Despite what appears to be an ongoing hatred for bitcoin and endless attempts to rid itself of the world’s number one digital currency by market cap, China still holds a rather strong position in the crypto market.

China Still Hosts a Lot of Mining

Just over a year ago, China shocked the world by announcing that it was going to end all bitcoin and crypto mining operations within its borders and it declared the process of extracting units from the blockchain illegal. The orders came fresh from Beijing, the capital of the nation, and regulators said that this was all part of an attempt to make China more carbon neutral and to end pollution.

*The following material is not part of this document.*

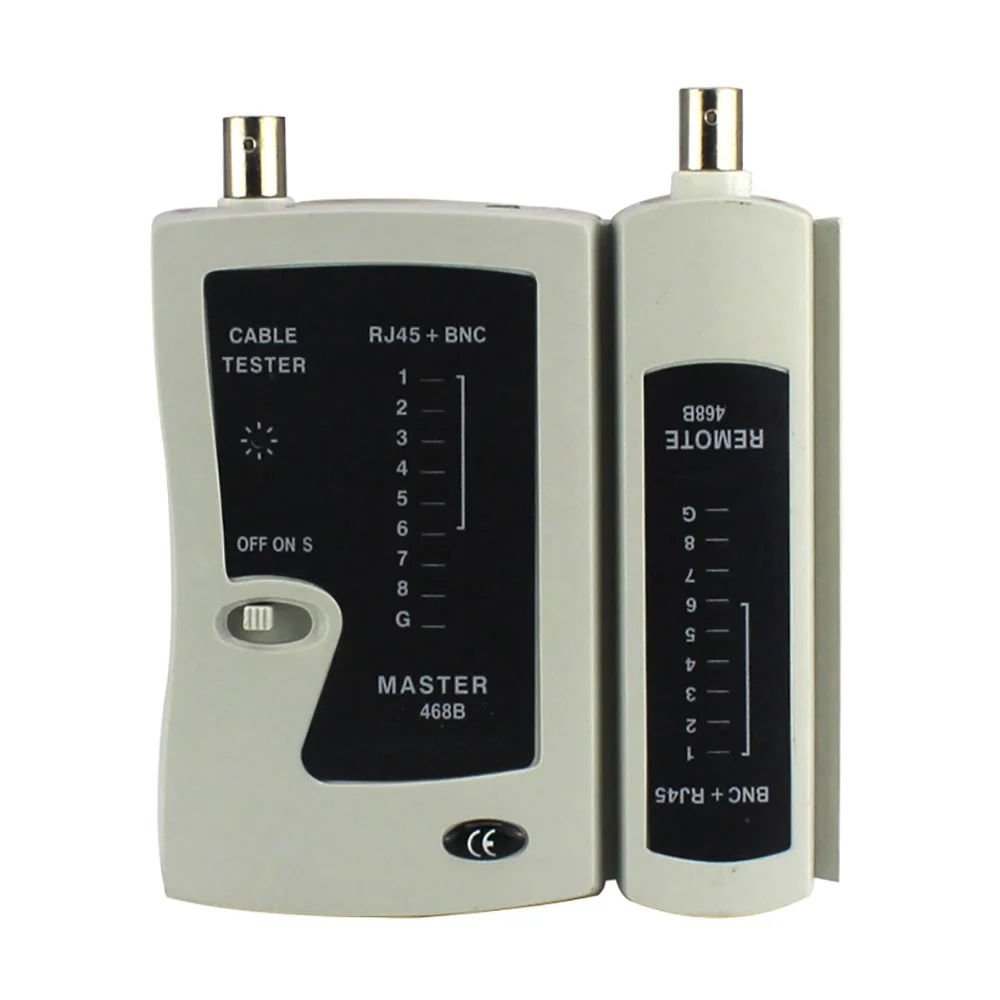 HT204 BNC+RJ45 KABLO TEST CİHAZI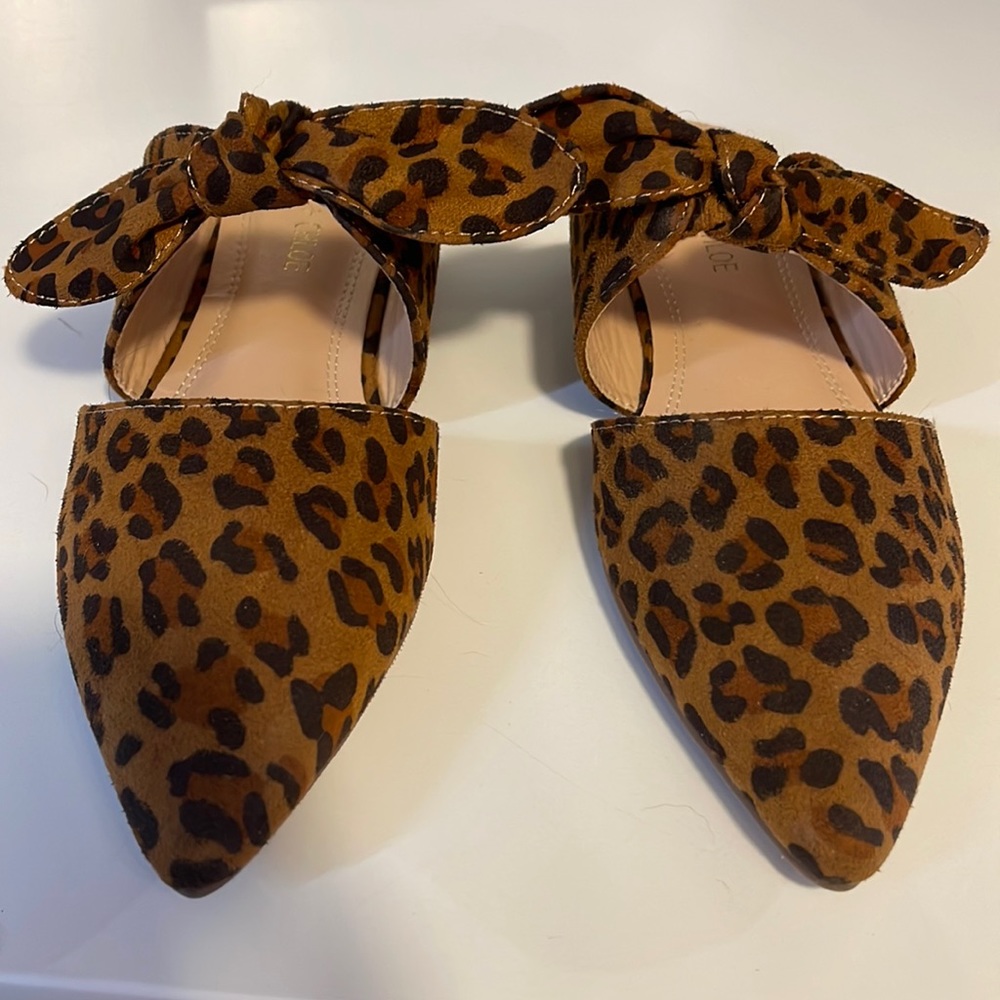 Leopard Print Flats, BRAND NEW 9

Many people reacted negatively to the news. China was home to, at that point, about 60-70 percent of the world’s crypto mining companies, but now it looked like from one night to the next, they were all either going to have to shut down or move to other nations they had never understood or seen before just to keep their businesses running. It didn’t seem fair, and above all, it didn’t seem warranted.

From there, however, things took an even uglier turn when China announced it was also ending crypto trading practices within its borders, and that people would no longer be able to buy, sell, trade, or even hold assets like bitcoin any further. The entire industry was outlawed, and those caught practicing within its confines would face either jail time or financial penalties.

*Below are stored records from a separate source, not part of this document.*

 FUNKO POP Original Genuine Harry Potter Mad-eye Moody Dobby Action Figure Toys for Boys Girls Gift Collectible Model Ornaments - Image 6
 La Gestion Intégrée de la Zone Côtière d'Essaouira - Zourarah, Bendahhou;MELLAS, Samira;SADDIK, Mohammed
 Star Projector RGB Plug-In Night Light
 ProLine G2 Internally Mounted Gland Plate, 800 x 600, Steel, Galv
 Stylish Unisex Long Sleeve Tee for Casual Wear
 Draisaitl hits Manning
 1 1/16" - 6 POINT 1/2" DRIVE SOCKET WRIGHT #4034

With all this in mind, it seems China ultimately ended any crypto activity on its turf, but that’s not quite true, and a new report suggests that China still accounts for about 20 percent of the world’s overall bitcoin hash rate, meaning many miners in China have refused to leave and are continuing their operations without fail.

Many Are Refusing to Leave

Hash rate determines how many computers are contributing to the network. When one considers the fact that 20 percent amounts to one fifth, China is still holding a rather prevalent spot in the world of crypto and BTC mining. Over the past 14-15 months however, it has lost its number one position to regions like Kazakhstan and Texas, as many crypto miners contributing to the China exodus have made their way to these regions to take advantage of various economic opportunities and the cheap electricity they offer.

But what can be said of the miners in China that have refused to leave? What of all the miners that have remained despite the potential for legal consequences down the line? Are they brave or are they foolish? Are they so committed to the bitcoin dream or simply sticking around to show that nobody tells them what to do? Well… Perhaps it’s a combination of everything.